RECORDS FOR THE EXERCISE
▬▬▬▬▬▬

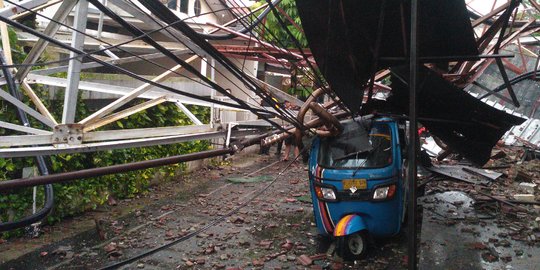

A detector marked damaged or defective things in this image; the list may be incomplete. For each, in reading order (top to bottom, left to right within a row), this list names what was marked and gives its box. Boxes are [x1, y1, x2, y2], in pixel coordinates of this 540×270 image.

shattered panel [298, 0, 478, 112]
bent metal pole [0, 148, 232, 192]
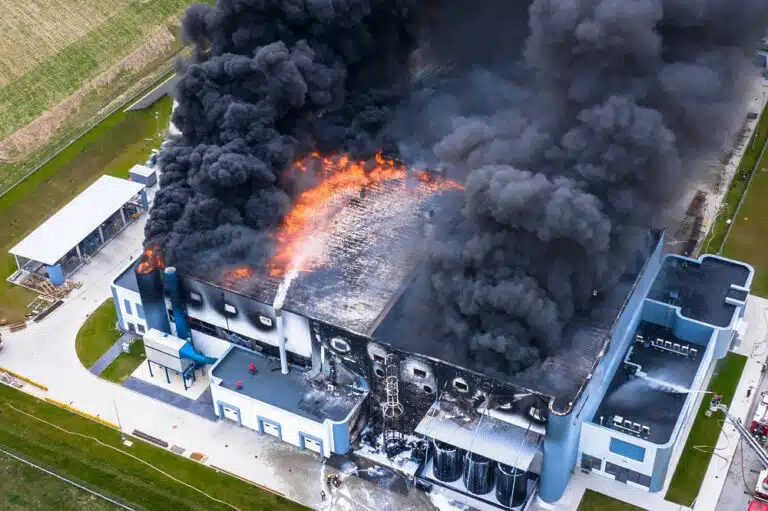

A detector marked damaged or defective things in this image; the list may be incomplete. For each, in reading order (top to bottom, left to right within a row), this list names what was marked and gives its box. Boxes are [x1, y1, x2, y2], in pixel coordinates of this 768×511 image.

damaged building facade [112, 215, 752, 508]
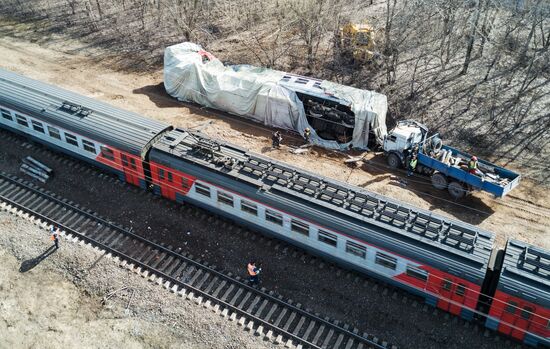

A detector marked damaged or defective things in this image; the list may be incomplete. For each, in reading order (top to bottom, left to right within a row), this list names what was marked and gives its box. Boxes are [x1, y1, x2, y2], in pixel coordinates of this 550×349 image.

wrecked truck [164, 41, 388, 150]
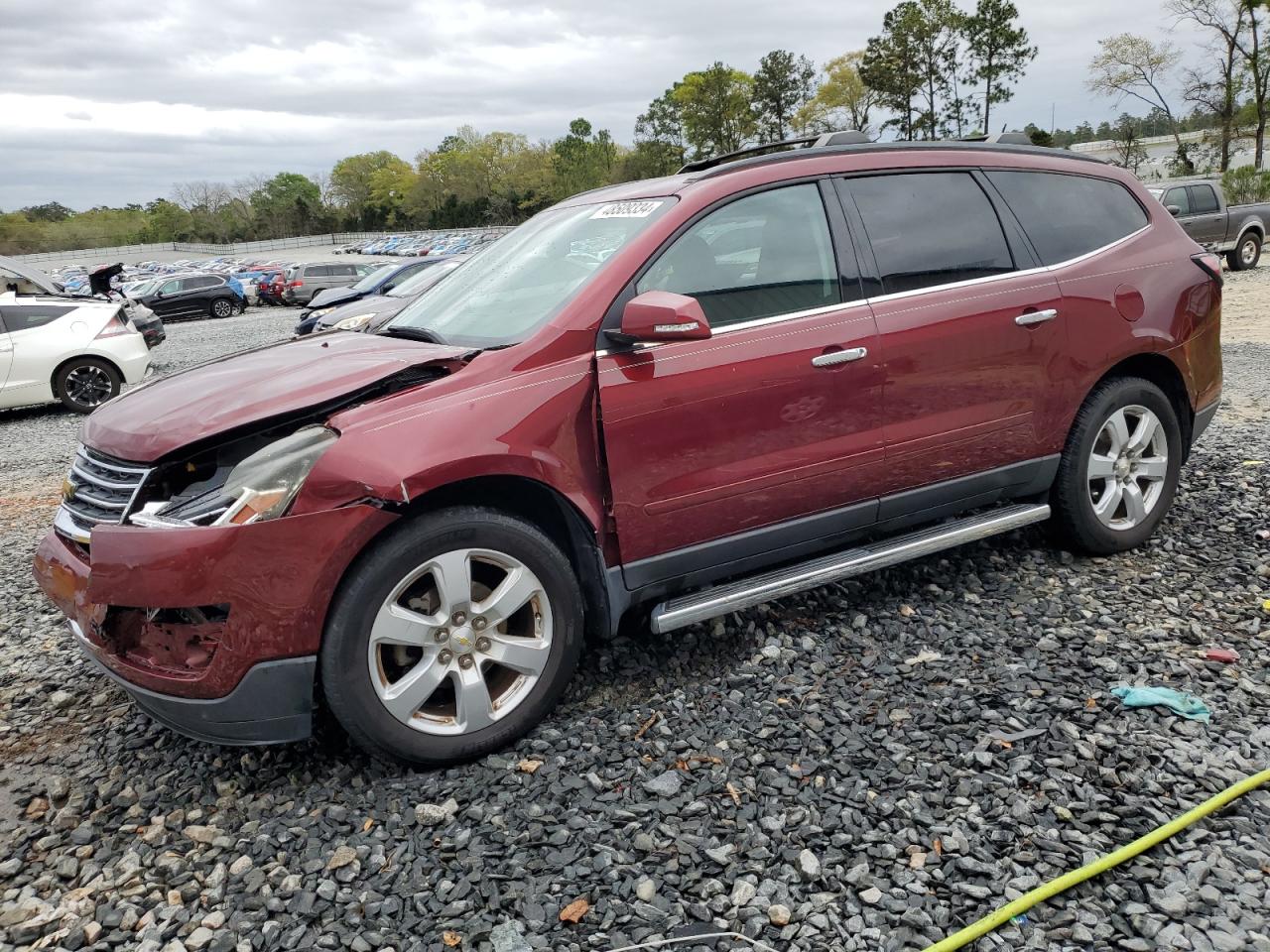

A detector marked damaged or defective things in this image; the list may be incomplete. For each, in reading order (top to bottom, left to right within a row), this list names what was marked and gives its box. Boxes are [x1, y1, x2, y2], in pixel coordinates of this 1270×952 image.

damaged red suv [35, 132, 1222, 766]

▬▬▬▬▬▬

TASK STATEMENT
Only the lines from the one containing "this 550×349 image." through the end of the data above are to be output, exactly and without pictures.

COMPLETED TASK
A detector marked damaged or defective things in this image; the list may be incomplete. For each, in reading order (top to bottom, left to right within a row), this list names what was marked and gives its box. Boxes are [x1, y1, x2, y2], in pixel coordinates of this 550×349 image.

wrecked truck [164, 41, 388, 150]

A detector marked damaged or defective things in this image; the list may be incomplete. For each, in reading order (top to bottom, left to right within a row), this list names what was marked and gives its box. Boxes are [x1, y1, x2, y2], in pixel coordinates of this 1270×952 image.

damaged red suv [35, 132, 1222, 766]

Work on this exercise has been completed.